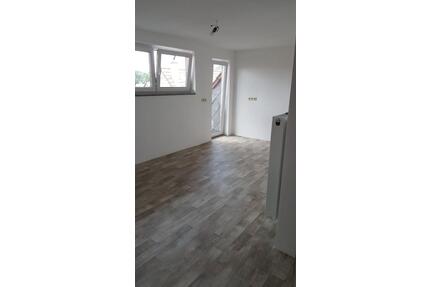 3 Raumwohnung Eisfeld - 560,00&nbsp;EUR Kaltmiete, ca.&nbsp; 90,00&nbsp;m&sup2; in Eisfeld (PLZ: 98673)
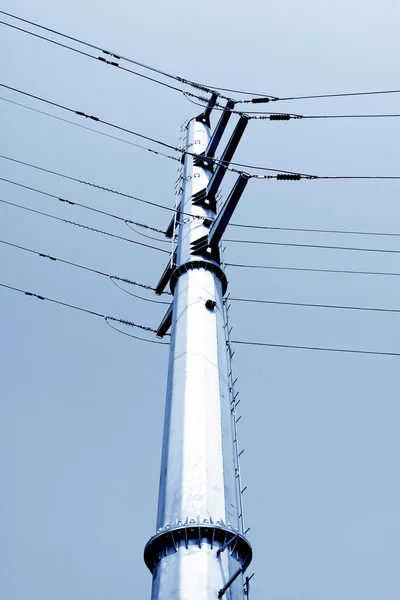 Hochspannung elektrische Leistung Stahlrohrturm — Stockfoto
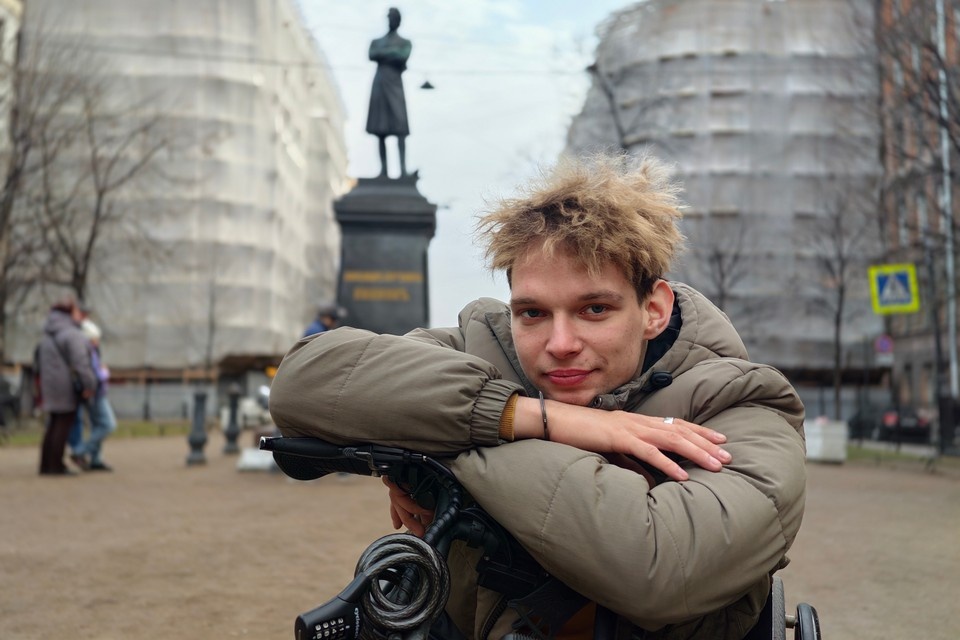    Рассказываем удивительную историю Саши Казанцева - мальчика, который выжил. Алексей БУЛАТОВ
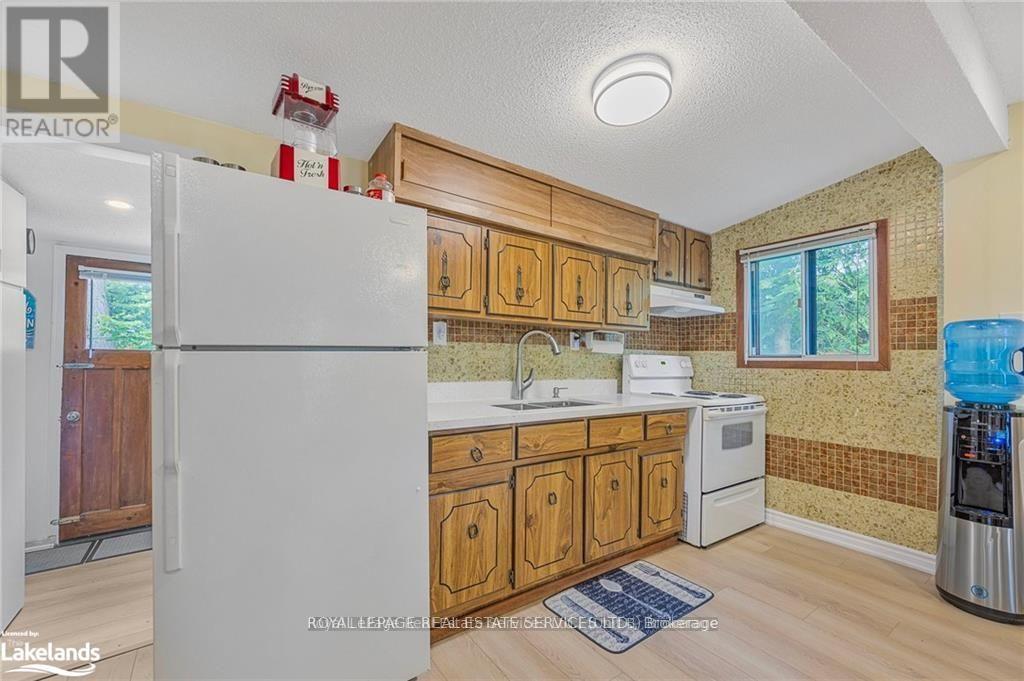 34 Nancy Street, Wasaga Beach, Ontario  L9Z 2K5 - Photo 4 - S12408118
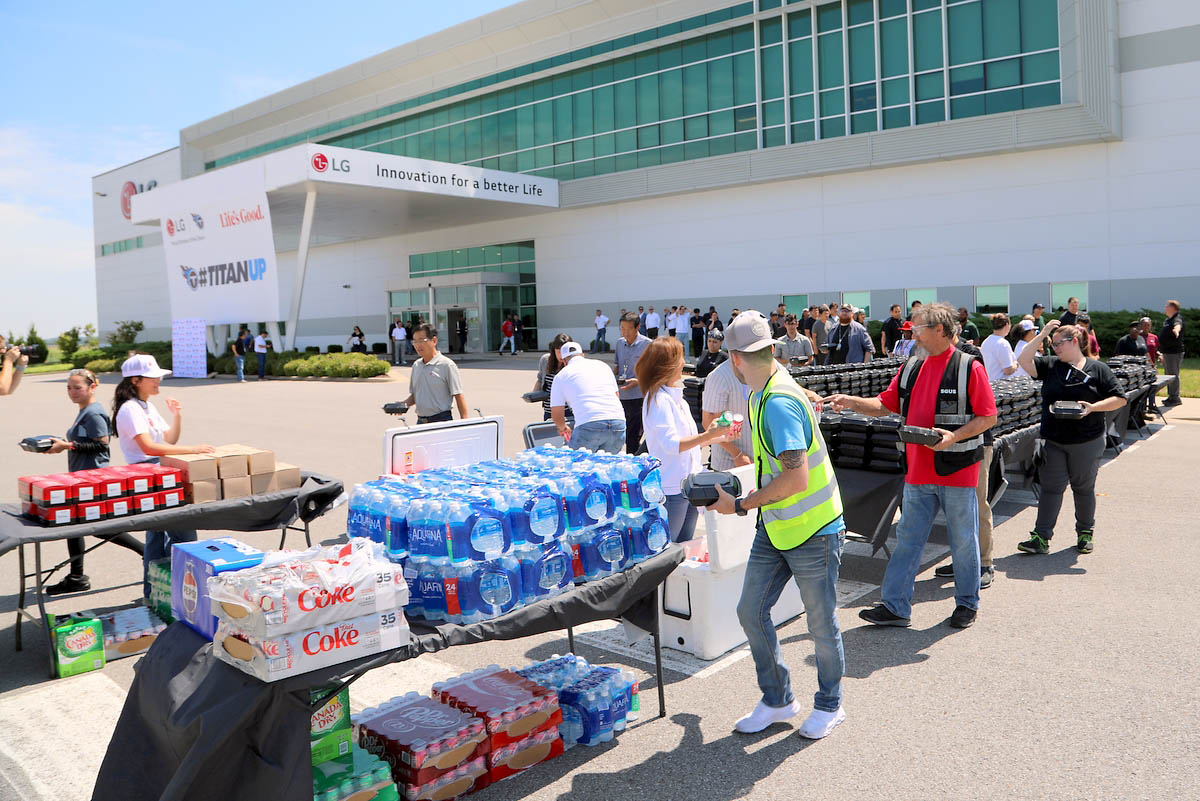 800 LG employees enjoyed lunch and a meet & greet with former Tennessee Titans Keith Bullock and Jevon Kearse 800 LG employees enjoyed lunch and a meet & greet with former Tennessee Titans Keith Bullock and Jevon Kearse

==

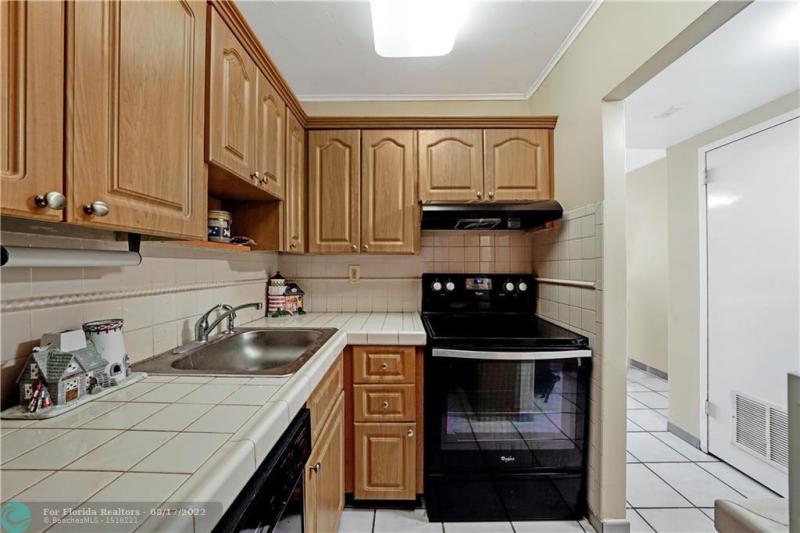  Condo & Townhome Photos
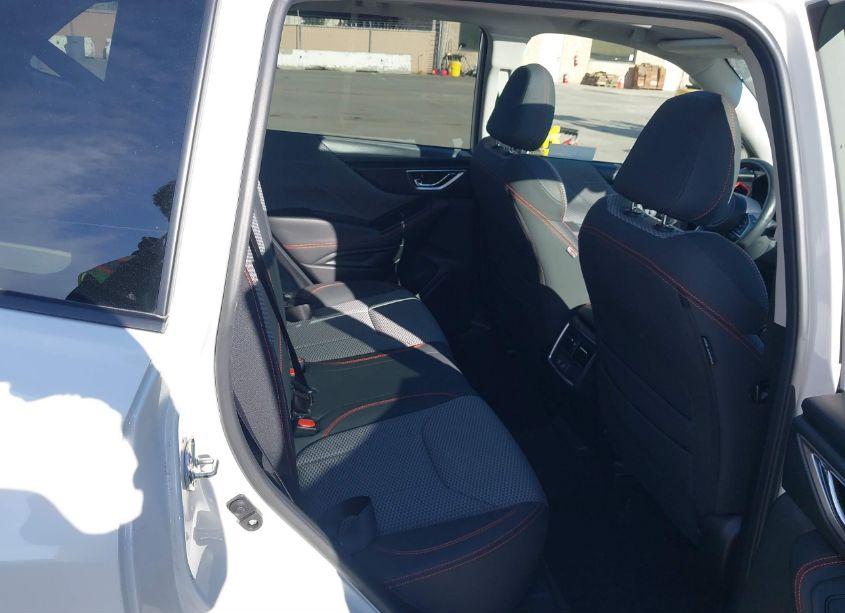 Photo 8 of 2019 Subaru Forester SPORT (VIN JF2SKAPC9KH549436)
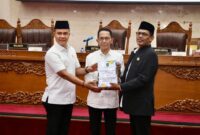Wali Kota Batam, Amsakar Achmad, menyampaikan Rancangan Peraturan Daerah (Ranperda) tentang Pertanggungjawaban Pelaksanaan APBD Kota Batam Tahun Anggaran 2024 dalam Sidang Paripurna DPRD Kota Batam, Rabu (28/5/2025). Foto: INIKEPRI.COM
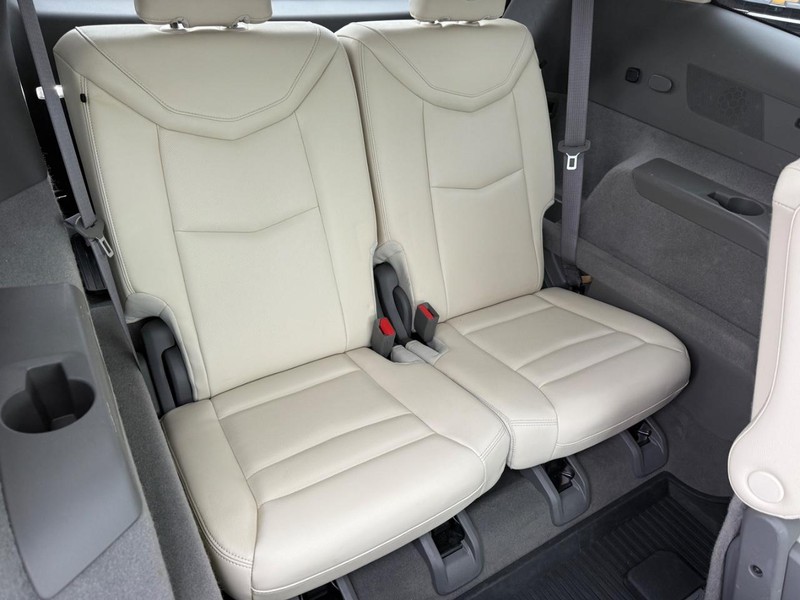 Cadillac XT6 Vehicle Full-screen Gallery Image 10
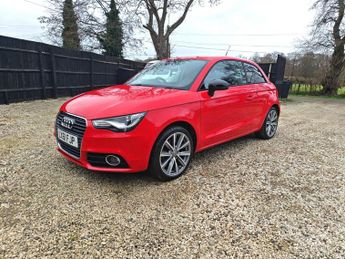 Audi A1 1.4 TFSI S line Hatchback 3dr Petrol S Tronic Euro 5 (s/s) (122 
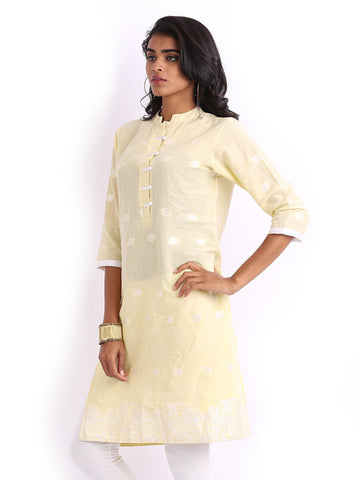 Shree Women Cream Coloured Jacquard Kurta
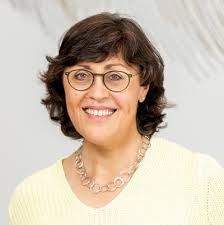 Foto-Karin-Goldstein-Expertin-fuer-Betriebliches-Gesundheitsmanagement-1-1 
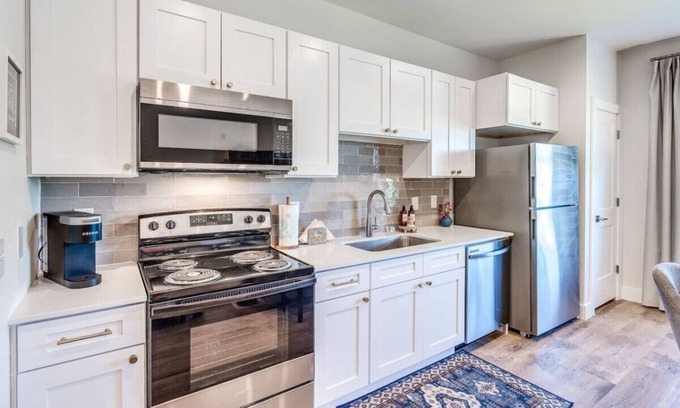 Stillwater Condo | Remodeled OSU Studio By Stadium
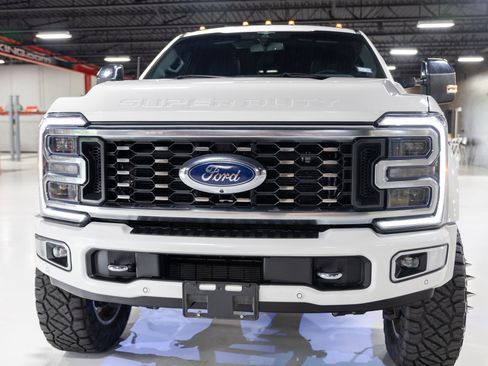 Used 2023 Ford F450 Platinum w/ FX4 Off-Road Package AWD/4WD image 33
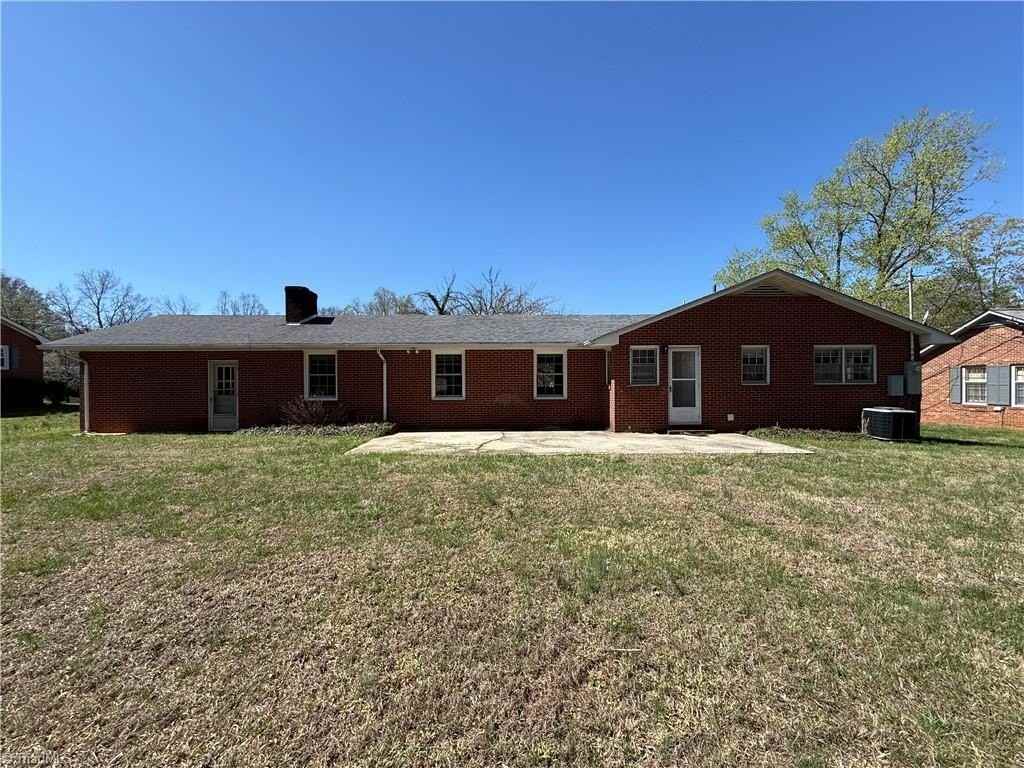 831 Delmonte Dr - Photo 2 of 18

*WHAT IS REQUIRED:*
What to print is the stretch of entries from the line with "3 Raumwohnung Eisfeld" up to and including the line with "Jevon Kearse 800". Please print it exactly and leave out the pictures.

*REPLY TO THE EXERCISE:*
 3 Raumwohnung Eisfeld - 560,00&nbsp;EUR Kaltmiete, ca.&nbsp; 90,00&nbsp;m&sup2; in Eisfeld (PLZ: 98673)
 Hochspannung elektrische Leistung Stahlrohrturm — Stockfoto
    Рассказываем удивительную историю Саши Казанцева - мальчика, который выжил. Алексей БУЛАТОВ
 34 Nancy Street, Wasaga Beach, Ontario  L9Z 2K5 - Photo 4 - S12408118
 800 LG employees enjoyed lunch and a meet & greet with former Tennessee Titans Keith Bullock and Jevon Kearse 800 LG employees enjoyed lunch and a meet & greet with former Tennessee Titans Keith Bullock and Jevon Kearse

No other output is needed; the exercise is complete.